Summerhill station opened in 1954 as part of the original Yonge line.

The tunnel connecting Summerhill station with St. Clair station (which is the next station north) originally ended immediately north of the station at Summerhill Avenue and continued in an open cut as far as Pleasant Boulevard. Various sections of this open cut were roofed over as the years passed, and since the early 1980s it has been entirely under cover, except when one block was opened to allow new construction above it. Passengers who look out from the train into the tunnel on this section can still see the sloping sides of the original cut, the stumps of lamp posts and trees, and the undersides of six bridges which still carry six streets (Woodlawn, Summerhill, Shaftesbury, Scrivener, Price and Rowanwood streets) over the line.

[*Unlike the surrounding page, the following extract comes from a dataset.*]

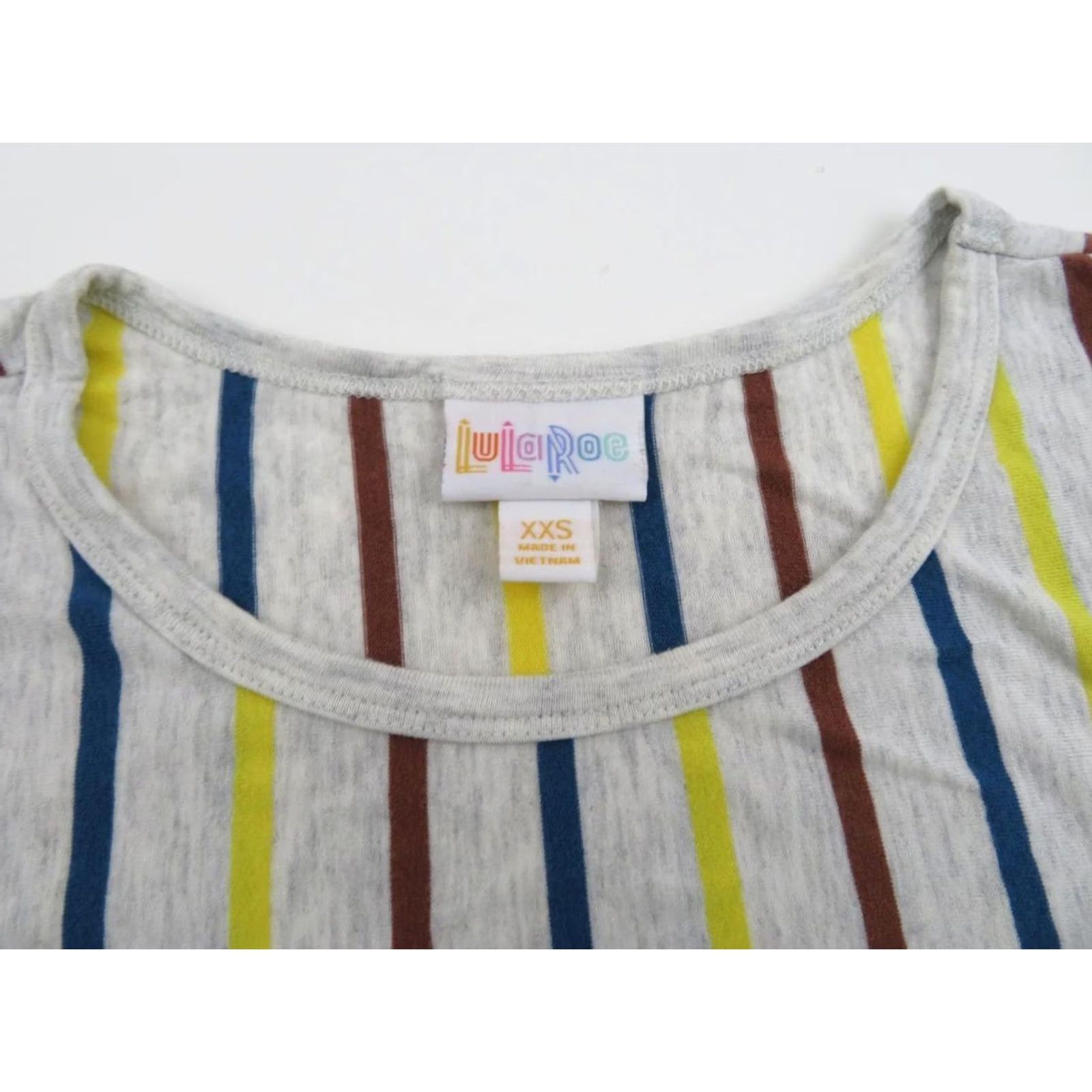 Vintage LuLaRoe Women's Carly Dress XXS Gray Blue Yellow Unicorn High Low 2XS Stripes Size XXS / US 00 / IT 34 - 5 Thumbnail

South of the station, the tunnel emerges to the surface at Rowanwood Drive. Originally, the line surfaced at Price Portal, but a one-block section from Rowanwood Drive to Price Street was roofed over in 2002 for parking.

In a February 2020 meeting of the TTC board, the TTC proposed a secondary exit for emergency use. The station entrance is at the north end of the station. The proposed exit would be at the south end of the station and emerge to the surface at Scrivener Square. There would be underground corridors to connect the platforms to the new exit, with one corridor running under the subway tracks from the northbound platform to the west side of the tracks.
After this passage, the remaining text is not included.